═════ Information supplied ═════

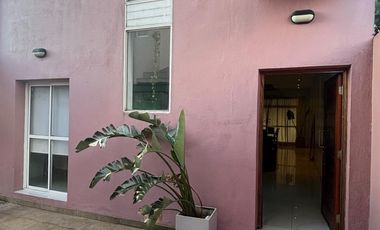 HERMOSA CASA CON PILETA EN ALQUILER EN VILLA SARITA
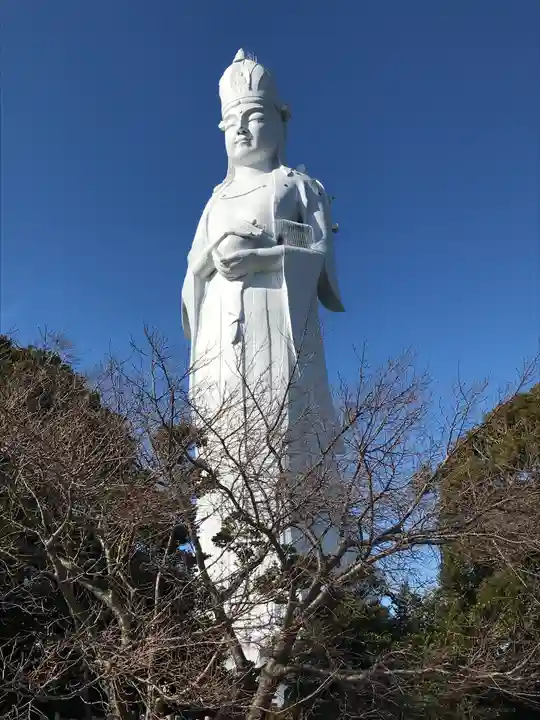 東京湾観音教会の仏像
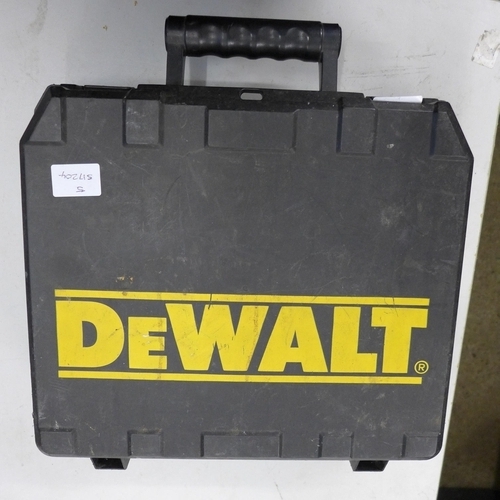 2050 - Dewalt drill with charger XR2 18V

═════

* **Aim of the task**: The full listing, reproduced exactly and without pictures, is the expected output.

* **Worked solution**:
 HERMOSA CASA CON PILETA EN ALQUILER EN VILLA SARITA
 東京湾観音教会の仏像
 2050 - Dewalt drill with charger XR2 18V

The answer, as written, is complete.